*Work item*. Reproduce verbatim the line containing "So first and" and every line that follows it through the end of the entries below, omitting all pictures.

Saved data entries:
[Start of Attachment]

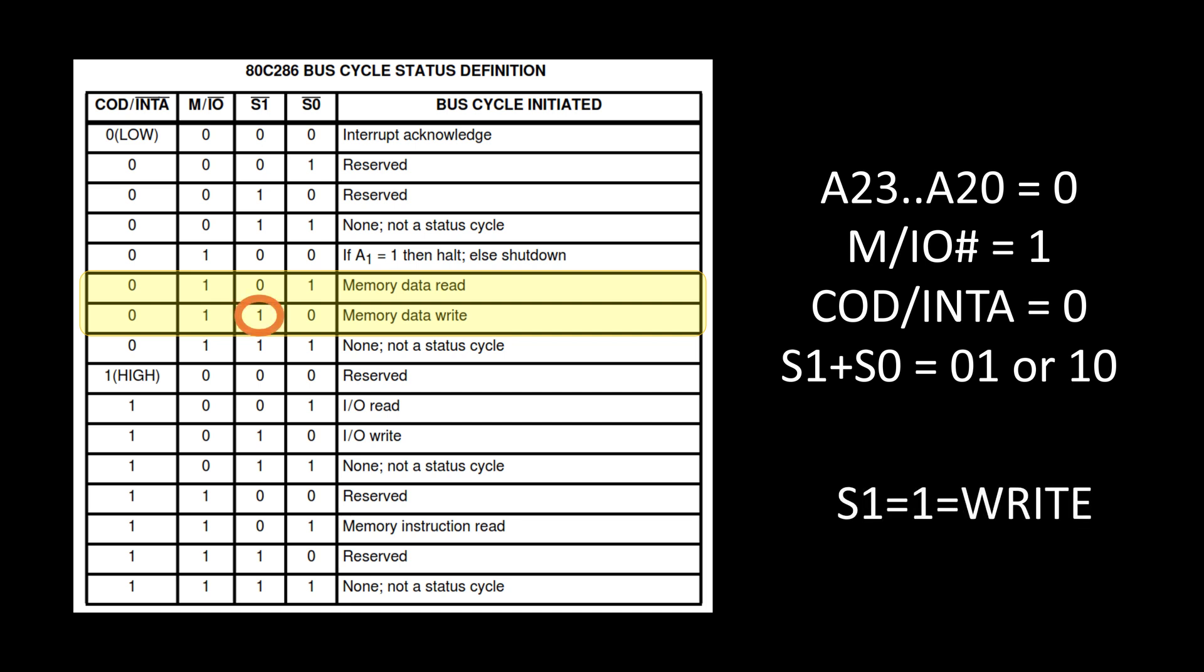Also, I've got the S1 signal that will tell me if I am going to do a write, so I can leverage that to enable writing to those RAM chips.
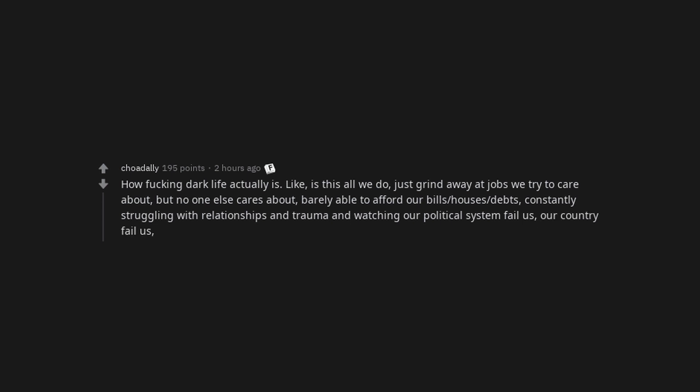How fucking dark life actually is. Like, is this all we do? Just grind away at jobs we try to care about but no one else cares about. Barely able to afford our bills, houses, debts. Constantly struggling with relationships and trauma and watching our political system fail us, our country fail us, our systems fail us. This life is not what happy adolescent me dreamed it would be.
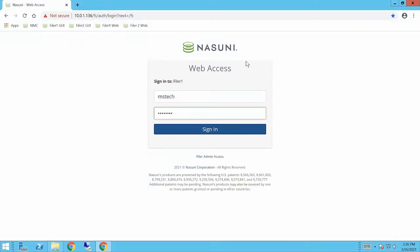So first and foremost, you'll notice here that when you go to login you'll see that it says web access as opposed to logging into the administrative access. Web access is for the end user.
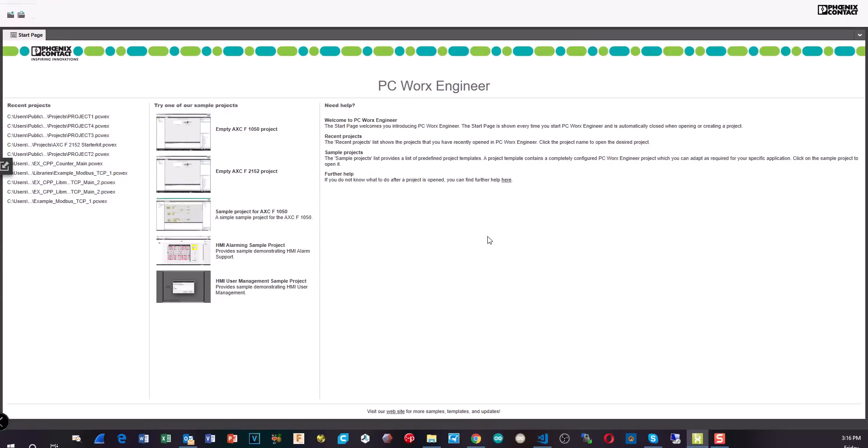So that's it. Nice and simple. Well, I guess for you, it's just a second you had to wait. I had to wait a few days to get the license back. And so that's all you have to do to set up your PC Worx Engineer so that you can program your AXC F2152 PLC or starter kit. So if you liked the video, thumbs up, usual stuff. And see you in the next video. Bye.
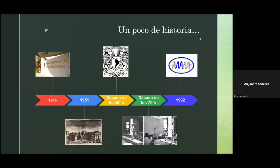Para hablar de la microscopía electrónica en la FES Cuauhtitlán, es necesario hablar sobre la microscopía electrónica en México. Esta surge cuando se funda el primer laboratorio de microscopía electrónica en la Escuela Nacional de Ciencias Biológicas del IPN. Llega un microscopio electrónico de barrido con características de hasta 5,000 aumentos y un poder de resolución de 0.2 nanómetros.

[End of Attachment]

*Response to the task*.
So first and foremost, you'll notice here that when you go to login you'll see that it says web access as opposed to logging into the administrative access. Web access is for the end user.
So that's it. Nice and simple. Well, I guess for you, it's just a second you had to wait. I had to wait a few days to get the license back. And so that's all you have to do to set up your PC Worx Engineer so that you can program your AXC F2152 PLC or starter kit. So if you liked the video, thumbs up, usual stuff. And see you in the next video. Bye.
Para hablar de la microscopía electrónica en la FES Cuauhtitlán, es necesario hablar sobre la microscopía electrónica en México. Esta surge cuando se funda el primer laboratorio de microscopía electrónica en la Escuela Nacional de Ciencias Biológicas del IPN. Llega un microscopio electrónico de barrido con características de hasta 5,000 aumentos y un poder de resolución de 0.2 nanómetros.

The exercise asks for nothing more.